Soft tissue sarcomas (STS) are a heterogeneous group of rare tumours that arise predominantly from the embryonic mesoderm. They present most commonly as an asymptomatic mass originating in an extremity but can occur anywhere in the body, particularly the trunk, retroperitoneum, or the head and neck. They account for about 0.7% of all adult malignancies.
A review of the literature of STS was undertaken with emphasis on current approach in management.

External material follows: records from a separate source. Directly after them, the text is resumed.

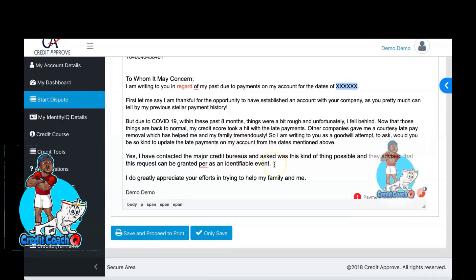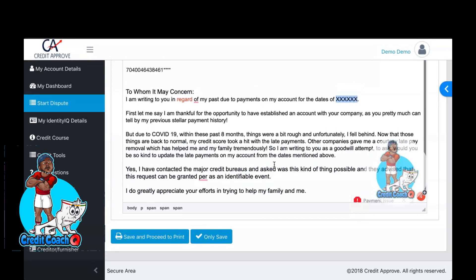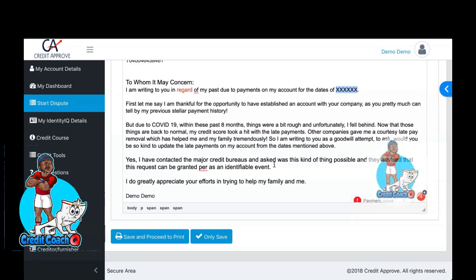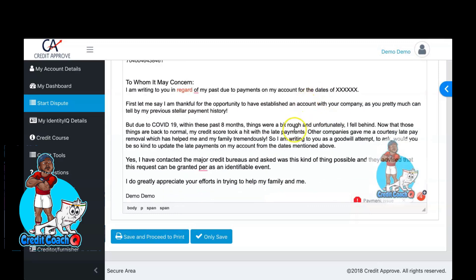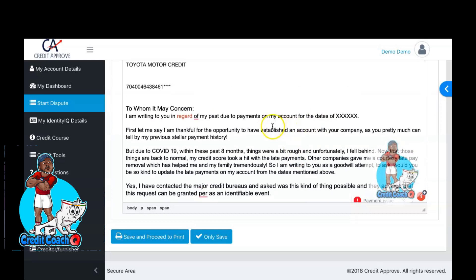Guys, this letter has been magic. You can screenshot this and write it out manually and send it, or you can sign up with the service. We're running a dollar trial, and removing a late payment from your credit report can literally help you improve your score anywhere from 30 to 100 points. Removing old derogatory payment history is very important, and doing it for a dollar trial can literally pay for itself.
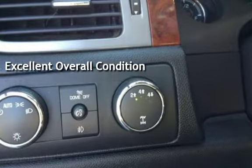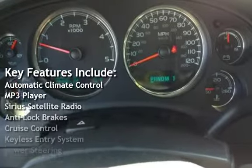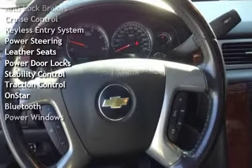Key features include automatic climate control, MP3 player, Sirius satellite radio, anti-lock brakes, cruise control, keyless entry, and power steering.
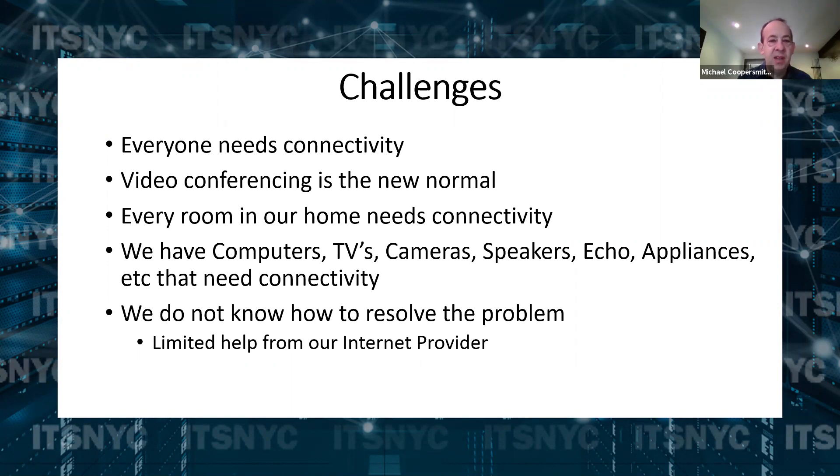Every room in our house needs that connectivity. We have spots in the house where we used to say nobody uses it — well, now we're all using those spaces. We put a Peloton somewhere and that also needs connectivity. We have all these devices — cameras, speakers, exercise equipment — and we need to make sure it all stays connected. Part of the challenge is not everyone is technical. There are a lot of hodgepodge solutions out there that don't necessarily work reliably, and when we call our internet provider — Spectrum, Fios, or whatever — they offer limited help on getting these pieces connected in our house.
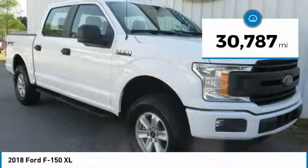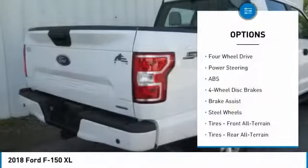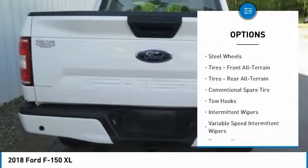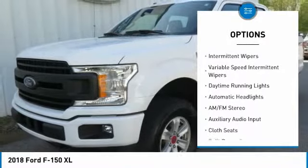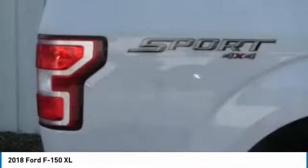This vehicle has less than 35,000 miles. Here are some of this vehicle's great options: backup camera, stability control, traction control, anti-lock braking system, driver airbag, power steering, adjustable steering wheel, four-wheel disc brakes, four-wheel drive, AM-FM stereo radio.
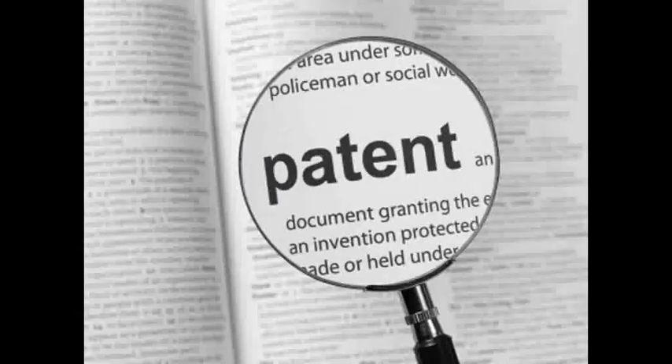A patent is not a right to practice or use the invention. Rather, a patent provides the right to exclude others from making, using, selling, offering for sale, or importing the patented invention for the term of the patent, which is usually 20 years from the filing date.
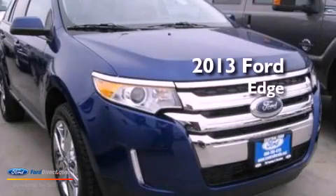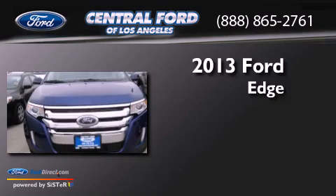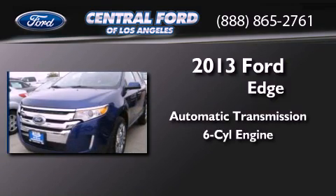This is a brand new 2013 Ford Edge. This crossover has an automatic transmission and a 3.5 liter V6.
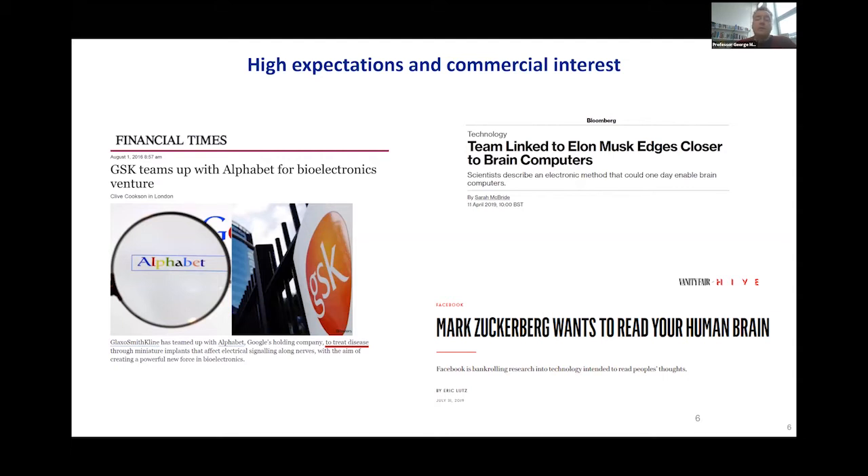This has created such a splash that even companies we wouldn't associate with bioelectronics are jumping in. A couple of years ago, a consortium was formed between the parent company of Google and GlaxoSmithKline — they formed Galvani Bioelectronics to treat disease with electrical stimulators rather than pharmaceuticals. The founder of Tesla and SpaceX, Elon Musk, also got into the game, as did the founder of Facebook. This raises expectations to a very high level, and hopefully all this additional interest will be a good thing for the field.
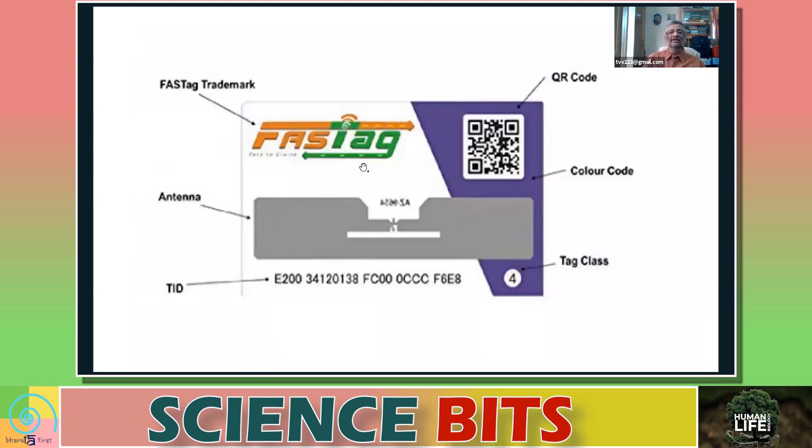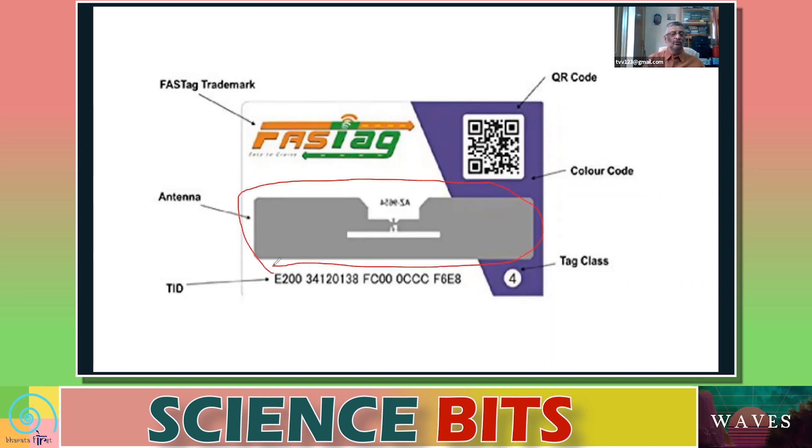If you are subscribed to FASTag, you will find a sticker like this in your car. The most important part of this sticker is a section that may not be visible from outside, but if you touch that part you will notice it is slightly thicker than the rest of the FASTag sticker. That part is an antenna — you will find copper etched onto that material. So it functions as an antenna.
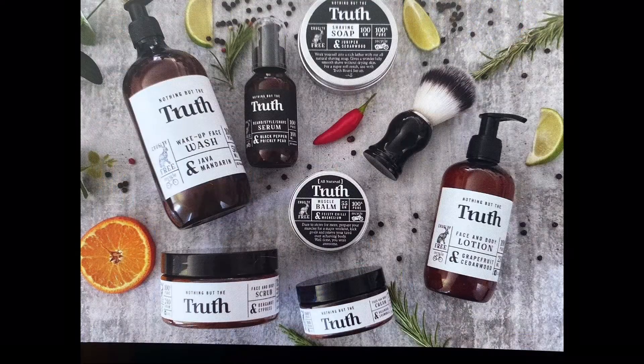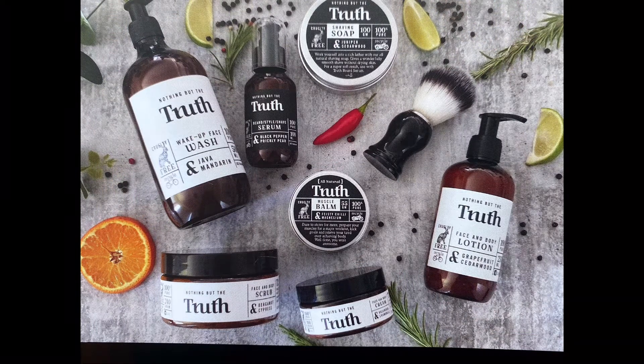These guys are a small business based in Adelaide, South Australia. They do a wide range of skincare and some muscle-relaxing products with lovely, all-natural ingredients. I loved the sample of their face wash — let me show you.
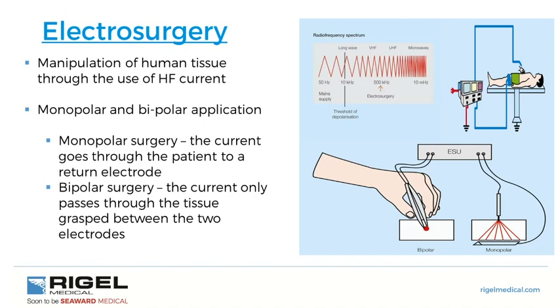Cutting and fulguration require sparking at larger voltages, whereas desiccation requires larger currents. Bipolar surgery is between forceps where the active electrode is on one part and the return on the other. The tissue provides less impedance because it's a smaller amount. This is done at much lower voltages with thermal energy dissipated evenly, resulting in coagulation of tissue with less damage to surrounding tissues. Desiccation is without sparking and can be used on tissue with larger conductive properties.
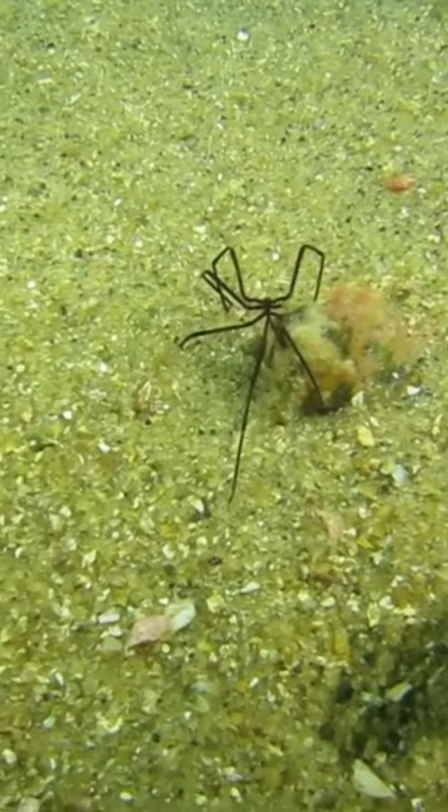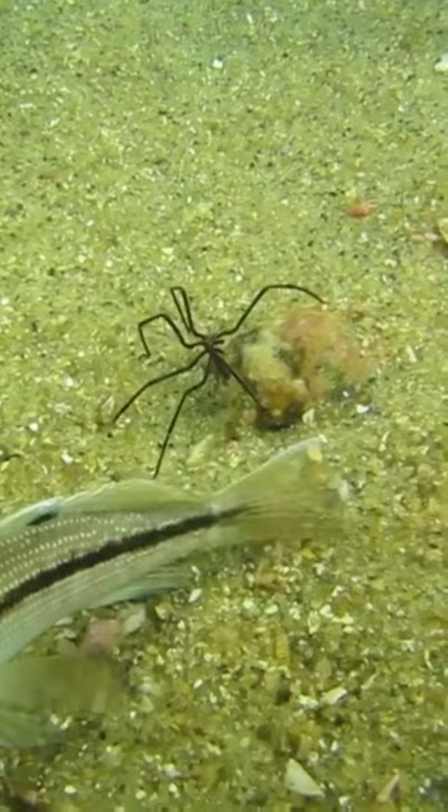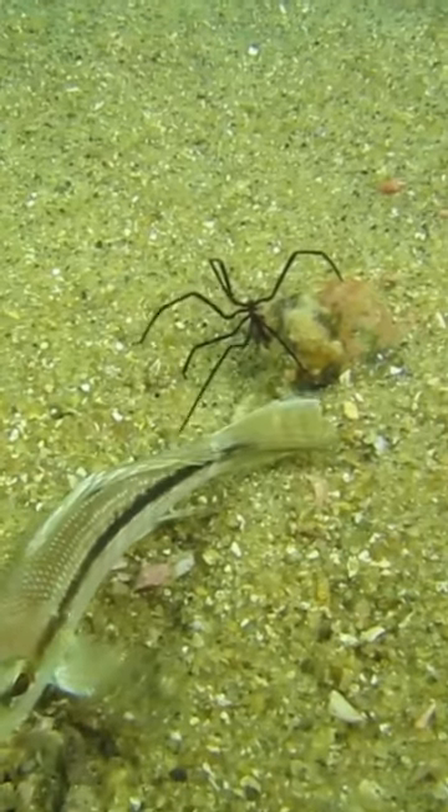Sea spiders' egg-carrying organs, called ovigers, are also used for grooming. Female sea spiders are often larger than their male counterparts. One sea spider species, Ascorhynchus corduroy, has been described as hermaphroditic, meaning it has both ovaries and testes.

Despite recent advances in the knowledge of the molecular biology of STS, there is yet no identifiable aetiology in most cases. Tru-cut biopsy is a safe, accurate and economical procedure for diagnosing STS. Enough tissue is usually obtained for use in several diagnostic tests such as electron microscopy and cytogenetic analysis. With the advent of Computed Tomography (CT), Magnetic Resonance Imaging (MRI) and Magnetic Resonance Angiography (MRA), tumours can easily be delineated from muscle groups, bone and neurovascular structures. Surgery remains the main potentially curative therapy for STS. In the last two decades, the role of adjuvant radiotherapy has revolutionized the treatment from a situation where amputation was the standard treatment for extremity STS to the present time where limb sparing surgery is appropriate in more than 90% of patients. Postoperative adjuvant chemotherapy significantly improves the overall and disease free survival for patients with large size and high grade sarcomas.
Optimal results of treatment require multidisciplinary interaction between the referring practitioner, the treating surgeon, the pathologist, the radiotherapist and the chemotherapist.
软组织肉瘤(STS)是一组异质性的罕见肿瘤,主要起源于胚胎中胚层。它们最常表现为起源于四肢的无症状肿块,但可发生于身体的任何部位,尤其是躯干、腹膜后或头颈部。它们约占所有成人恶性肿瘤的0.7%。
对软组织肉瘤的文献进行综述,重点关注当前的治疗方法。
尽管近年来在软组织肉瘤分子生物学知识方面取得了进展,但在大多数情况下仍未明确其病因。粗针活检是诊断软组织肉瘤的一种安全、准确且经济的方法。通常可获取足够的组织用于多种诊断测试,如电子显微镜检查和细胞遗传学分析。随着计算机断层扫描(CT)、磁共振成像(MRI)和磁共振血管造影(MRA)的出现,肿瘤能够很容易地与肌肉群、骨骼和神经血管结构区分开来。手术仍然是软组织肉瘤主要的潜在治愈性治疗方法。在过去二十年中,辅助放疗的作用彻底改变了治疗方式,从过去截肢是四肢软组织肉瘤的标准治疗方法,转变为目前超过90%的患者适合保肢手术。术后辅助化疗显著提高了大尺寸和高级别肉瘤患者的总生存率和无病生存率。
最佳治疗效果需要转诊医生、主治外科医生、病理学家、放疗师和化疗师之间的多学科协作。